*** Opening PROVIDED DATA ***

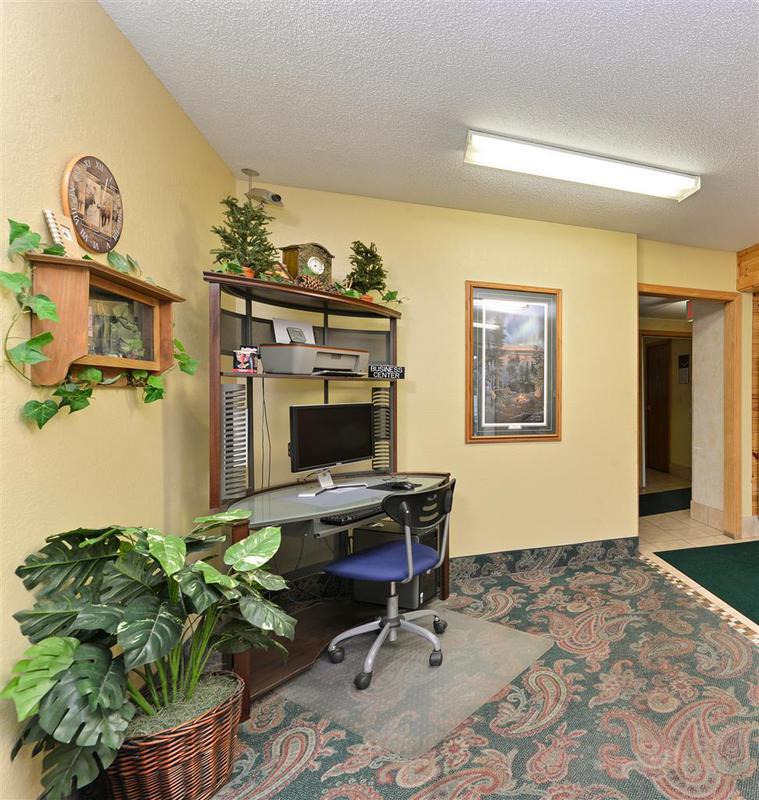 Americas Best Value & 2* Detroit Lakes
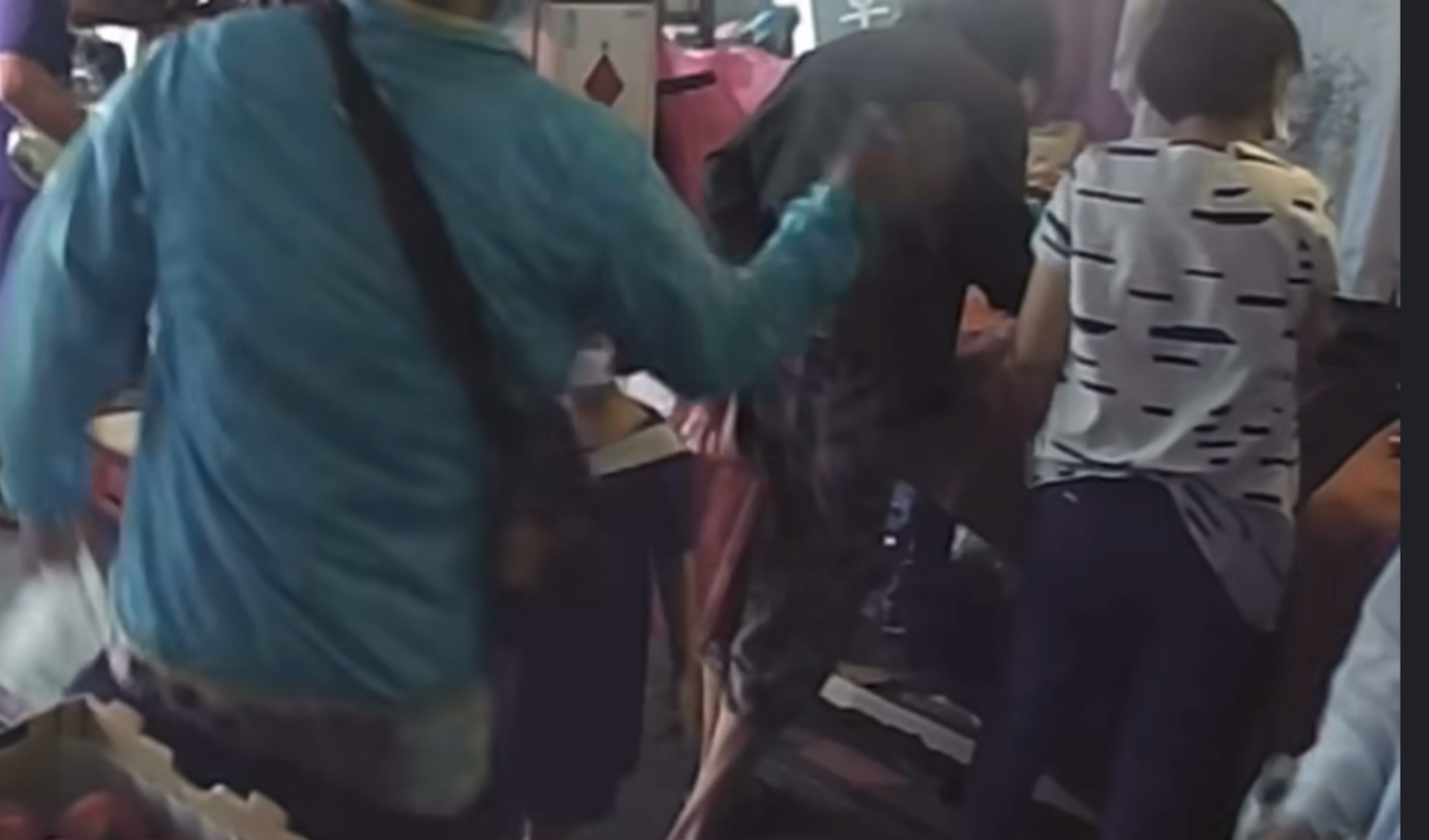 网友爆料台南妇人（左）昨在东区崇德市场涉对小女童打耳光，女童被打到几乎连站都站不稳。 图／翻摄自爆料二公社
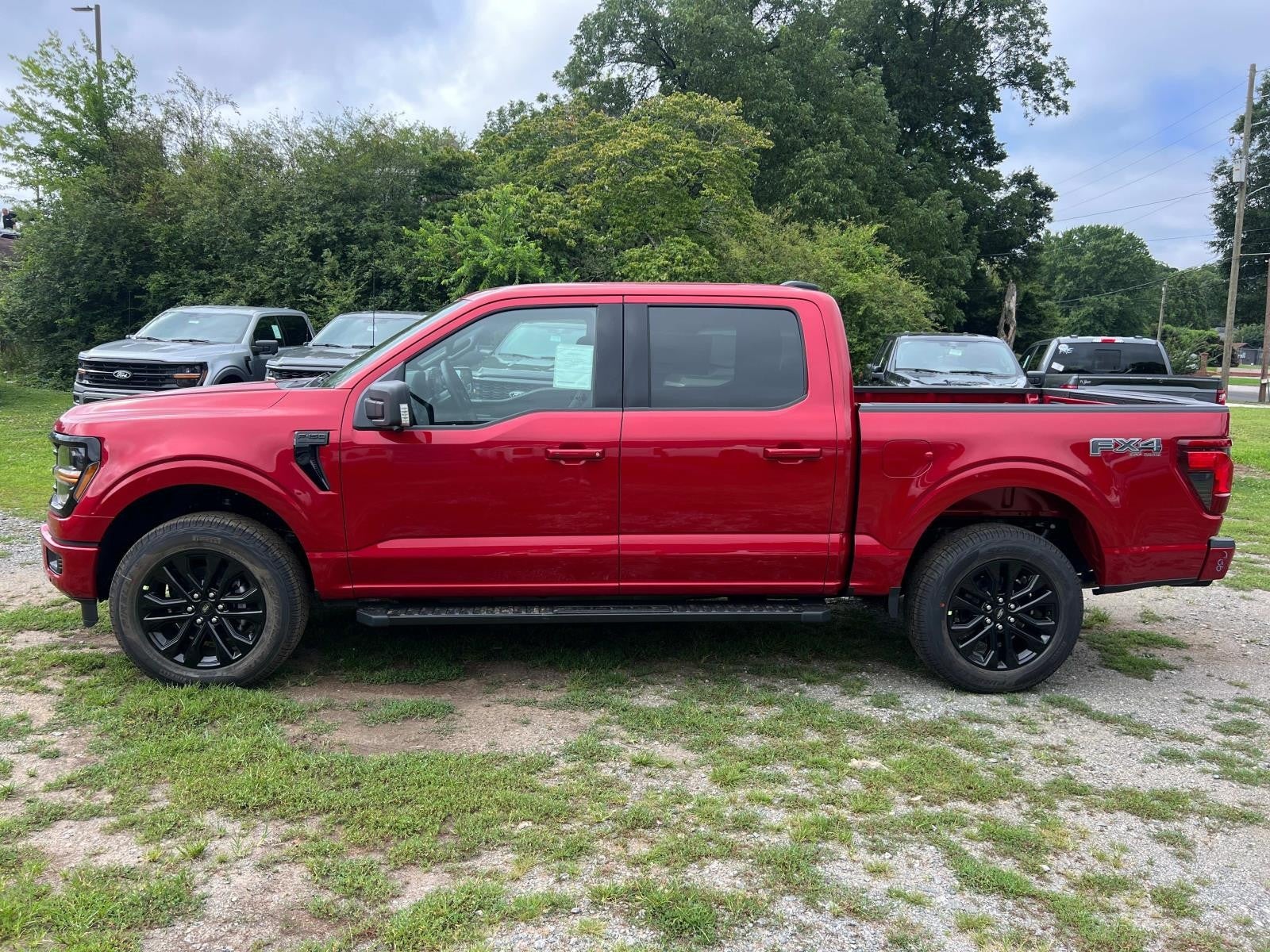 2025 Ford F-150 XLT 4WD SUPERCREW 5.5' BO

*** Closing PROVIDED DATA ***

### TASK ITEM
Each line from the one holding "网友爆料台南妇人（左）昨在东" through the end of the listing is to be output exactly, both ends included, with no other lines and the pictures left out.

### REPLY
 网友爆料台南妇人（左）昨在东区崇德市场涉对小女童打耳光，女童被打到几乎连站都站不稳。 图／翻摄自爆料二公社
 2025 Ford F-150 XLT 4WD SUPERCREW 5.5' BO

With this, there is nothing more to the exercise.